We are introduced to our lovely couple, Clara and Koldo (Diego Martin), just before they tie the proverbial knot.  The rest of the cast is cleverly introduced as two cameramen, the official wedding photographer Atun (Borja Glez. Santaolalla) and the potentially annoying cousin, Adrian (Alex Monner), explore and interview the wedding guests.

What is lovely about the humor and found-footage style during this decently lengthy section is that we are able to view the relationships between the characters, to see the humanity and experience that loss later on as each character turns into a wandering, teeth-chattering corpse.

However, what should become an emotionally intense tragedy as the wedding party descends into the world of brain-consumption, turns into a building farce as more and more absurd situations come into play.  Koldo dons armor and runs through the reception hall waving his sword while Clara’s weapon of choice is a blood-spattering chainsaw and the zombie battles border on ridiculous.
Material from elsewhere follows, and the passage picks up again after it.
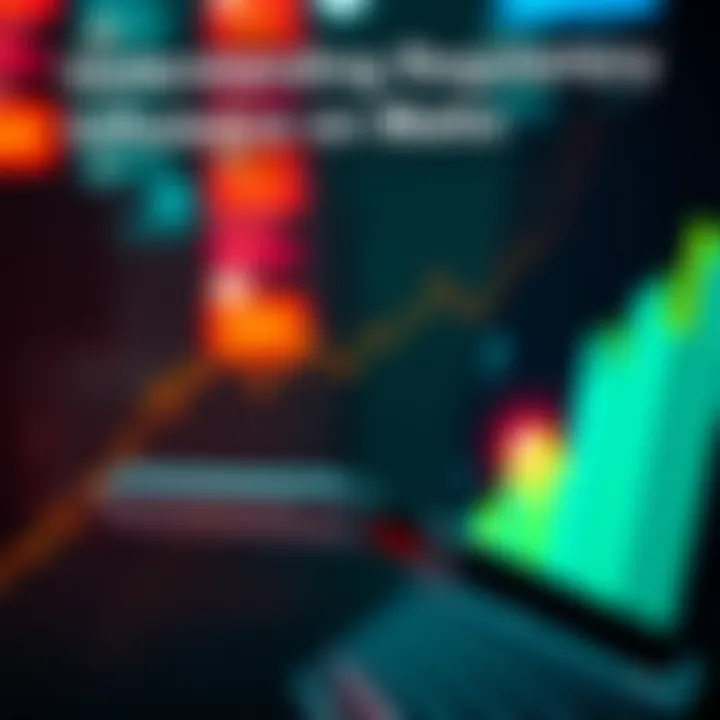 Infographic on regulatory impact on cryptocurrency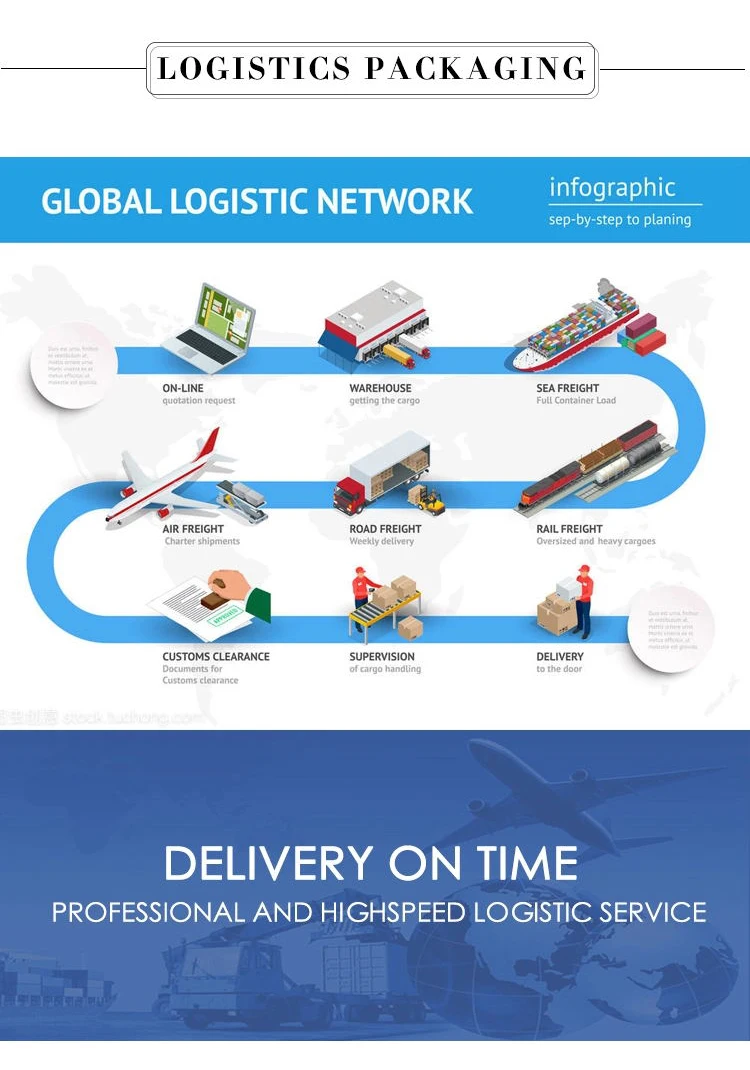 Package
I am not saying, mind you, that this is a bad movie—it’s very much not.  It’s highly entertaining, beautifully shot, and quite hysterical at times.  But putting the label of the dramatic and intense [REC] franchise on this film was an error, and will certainly cause disappointment in more than a few fans as they settle into their comfy couches to witness an entirely new episode of [REC] that is not at all what they expected.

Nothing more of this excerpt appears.